OpenAI Codex: The Future of Agent Engineering

OpenAI's Codex is evolving into a powerful agent engineering platform with new features like Skills, Apps, and a scoring system for AI agents.

Mar 10 at 6:02 PM4 min read
Three OpenAI team members discussing Codex and agent engineering.

In a recent OpenAI Build Hours session, the team showcased the latest advancements in their Codex platform, highlighting its evolution into a powerful tool for agent engineering.
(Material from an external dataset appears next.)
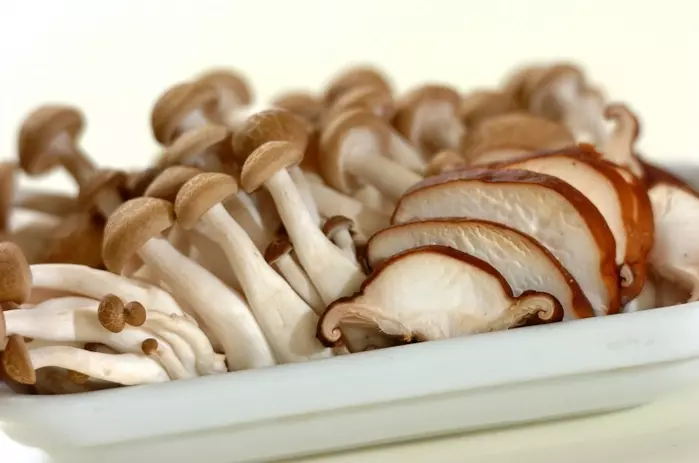 キノコのニンニクしょうゆの下準備1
The discussion, featuring Ryan Lopopolo from the Technical Staff, focused on how Codex is moving beyond basic code generation to enable more sophisticated AI-driven workflows.
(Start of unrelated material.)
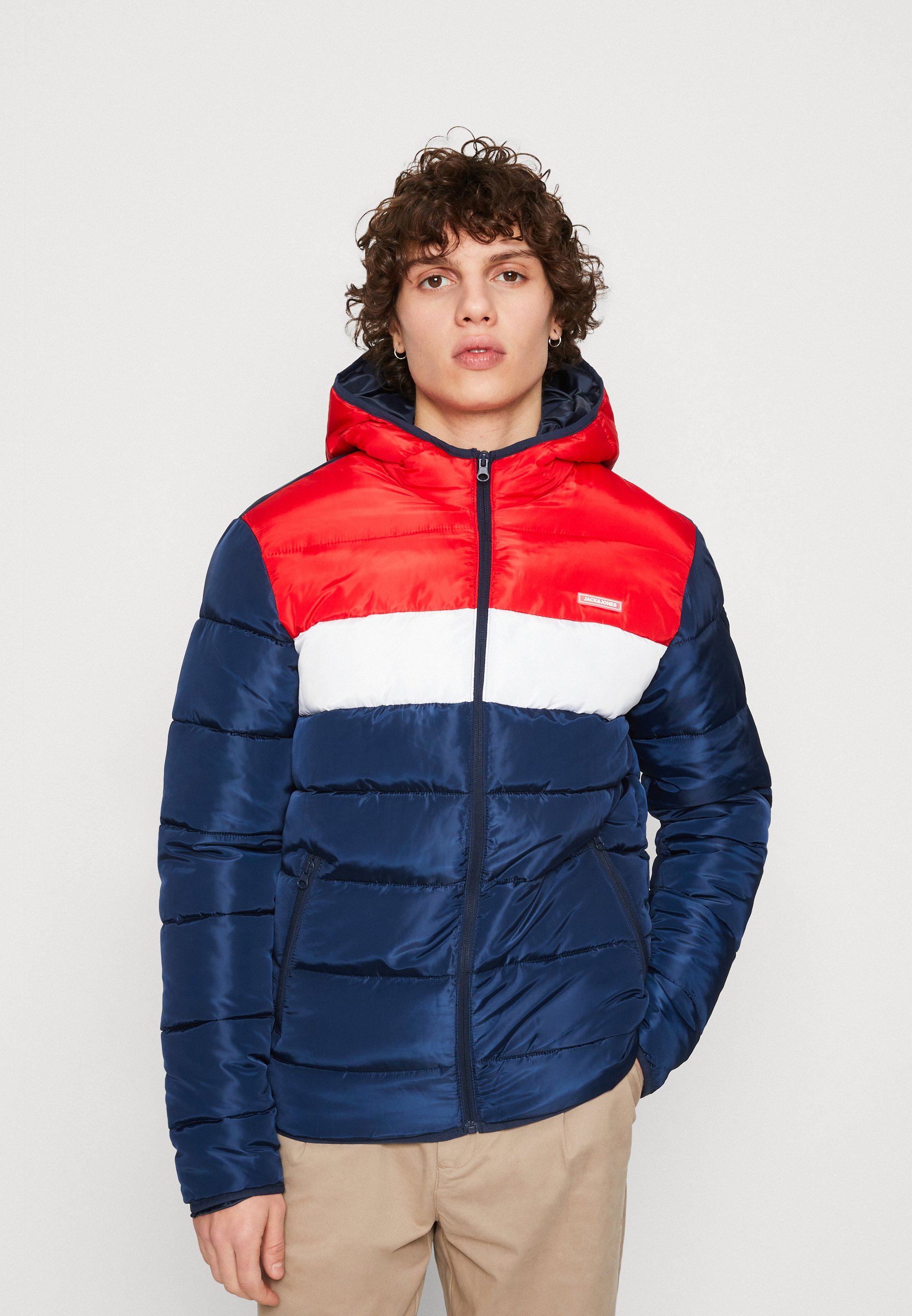Jack &Jones JJTYLOR PUFFER JACKET - Winter jacket - true red/red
Key Participants and Their Roles

The session featured three key individuals from OpenAI: Ryan Lopopolo, a Member of the Technical Staff, who provided a deep dive into the technical aspects and demos; Charlie Guo, from the Developer Experience team, who introduced the session and its goals; and Cristina Jones, who handled Startup Marketing and provided context from that perspective.

The full discussion can be found on OpenAI Youtube's YouTube channel.

Build Hour: API & Codex — from OpenAI Youtube

The Evolution of Codex: From Code Generation to Agent Engineering

Ryan Lopopolo framed the discussion by outlining the progression of AI's role in software development, moving through distinct phases. Initially, AI models like Codex focused on auto-completion and generating code snippets. This evolved into 'pair programming' where AI acts as a collaborative partner. The current phase, however, is characterized by 'agentic delegation,' where AI agents can autonomously handle complex tasks and workflows.

Lopopolo emphasized that the latest advancements in GPT-4.5 and GPT-5.3 models have significantly boosted Codex's capabilities. He highlighted that Codex is now 30% faster with improved performance on large code changes and delegation, and crucially, it supports up to 1 million tokens of context. This expanded context window is vital for agents to understand and operate within complex codebases and project requirements.

New Features: Skills, Apps, and Windows Availability

A major focus of the session was the introduction of new features within the Codex app, specifically 'Skills' and 'Apps.' 'Skills' allow developers to give Codex new capabilities and expertise, enabling it to interact with external tools and services. These skills can be developed and shared, creating a richer ecosystem of AI-powered functionalities.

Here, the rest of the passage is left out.